# ASUS built-in cam not functioning.



## jweele01 (Mar 19, 2011)

Hello,

I have an ASUS N61Jv, running Windows 7 Professional 64bit (legal, pre-installed).
The built in webcam is suddenly not functioning anymore. I can't recall changing anything, so I'm not sure why this is happening. When opening the cam in skype, windows live messenger, or lifeframe3, it keeps saying that the cam is in use by another application. I've reinstalled the driver, but to no avail. I have also reinstalled the software programs. Could anyone help me out with this? Thanks for any help! 

Here's some information:

USB2.0 UVC 2M WebCam

USB\VID_13D3&PID_5122&REV_0202&MI_00


----------



## zyper95 (Mar 9, 2007)

When was the webcam last worked? Try to perform system restore and choose a date when the webcam is working fine.


----------



## jweele01 (Mar 19, 2011)

Thanks for your reply! It worked fine only a few days ago. I would've done a system restore but apparently my system has only been saving restore points for two days. So I haven't got anything older. The oldest doesn't fix it either.


----------



## RaytheBear (Sep 14, 2010)

A couple of things until more help comes along:

1)


> I've reinstalled the driver, but to no avail


Did you try Uninstalling your Web Cam from the Control Panel, reboot, let Win7 recognize and reinstall the drivers and see if that works?
2)The drivers that you reinstalled, are these the most updated drivers that you went and got from your WebCam company or Laptop company?

Good luck
Ray


----------



## jweele01 (Mar 19, 2011)

I did let win7 do all that, but it didn't work. It installed correctly, according to windows, but it didn't change anything. I installed the updated drivers from asus, but they gave me the same problem. So, I went back to the drivers which were originally installed (the ones that came with my laptop). After that I gave skype administrator priviledges and my cam worked for a couple of minutes. Maybe it's a UAC problem? I gave all the relevant programs admin rights (skype, virtualcam, lifeframe3) but it didn't help. 

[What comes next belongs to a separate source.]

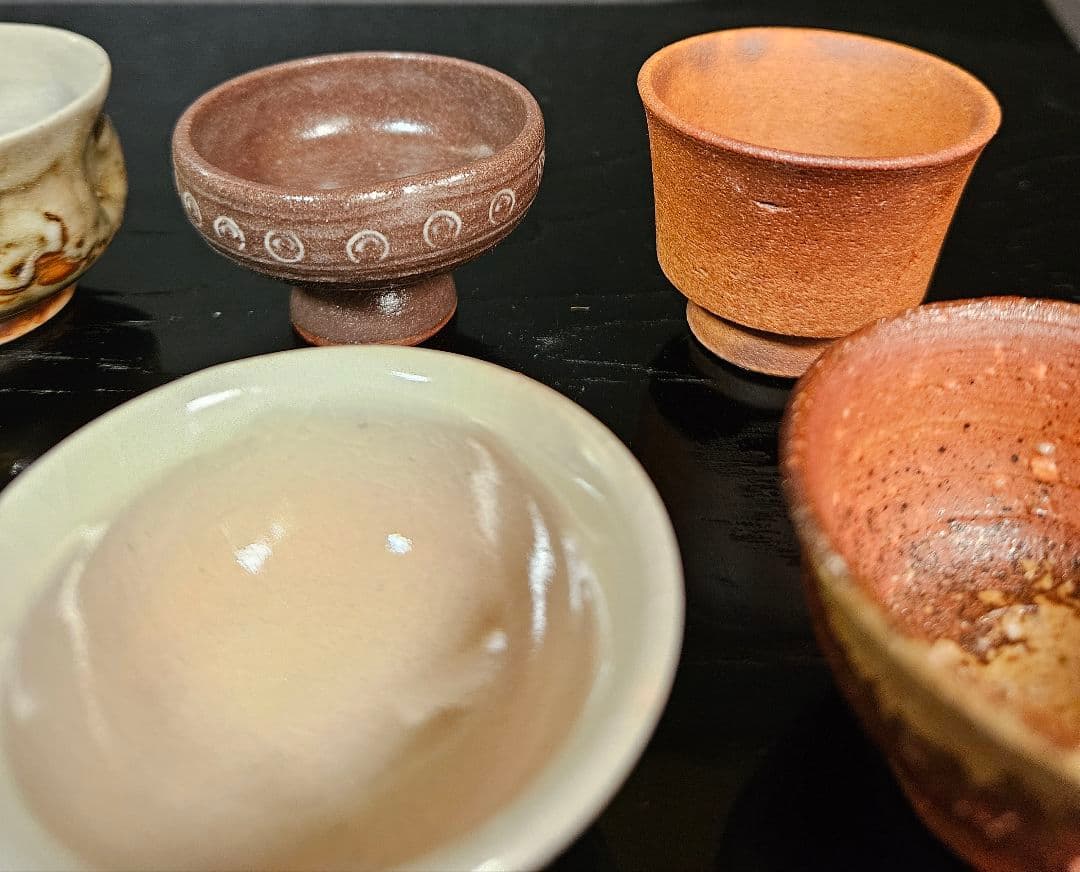 日本の陶器】ぐい呑 盃 10客 布志名 信楽 朝日焼 三助 赤膚 二本松萬古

When I'm at the skype video settings, my cam appears to be going on and off. Virtualcam always stays available.


----------



## RaytheBear (Sep 14, 2010)

Have you tried turning off your UAC?


----------



## jweele01 (Mar 19, 2011)

Afraid that didn't make a difference either.

I've made a little video that shows what it looks like in skype:

http://www.mediafire.com/?kr77b9bm7noypii


----------



## zyper95 (Mar 9, 2007)

Try to reinstall the driver, instead double clicking the driver file try to right click on it then select Run as administrator see if that will help.


----------



## tciman (Apr 16, 2011)

Hi have the same problem, i did everything, also tried to re installing the latest driver, but still my i cant use my asus built in webcam... is there any solution?


----------



## hungrywolf14 (May 5, 2011)

i also have same spec of the poser above.. but my camera in skype was upside down!??! wtf!!

i tried all replies but it seems same ... please help us


----------



## RaytheBear (Sep 14, 2010)

To the original poster (and maybe others), I saw this elsewhere and it might (hopefully) work for you:


try this 
go to C:\Program Files (x86)\ASUS\ASUS LifeFrame3 
right click on LifeFrame go to properties 
click compatibility tab then check run this program as an administrator, click apply and OK


----------



## RaytheBear (Sep 14, 2010)

To hungrywolf14,
If you haven't solved your problem yet, you can take a look at the 2 links below, might be of some help:

http://www.justanswer.com/computer/4xt4l-camera-shows-upside-down-turn-computer.html

http://forum.skype.com/index.php?showtopic=400141

Good luck
Ray

PS: If you have solved your problem, please let us know.


----------



## hungrywolf14 (May 5, 2011)

hello! i already check that... but when im opening the webcam on my skype.. it said 
cant start the video try closingother program that might be using your webcam..
but i dont have any open applications there ^_^ what is that??


----------



## d00dTR (May 24, 2011)

I'm also facing the same problem.i'd appreciate some help.Thanks in advance.


----------



## lu827 (Jun 9, 2011)

has anyone found the answer to this? i've been trying to find a solution for days, and have had no luck!


----------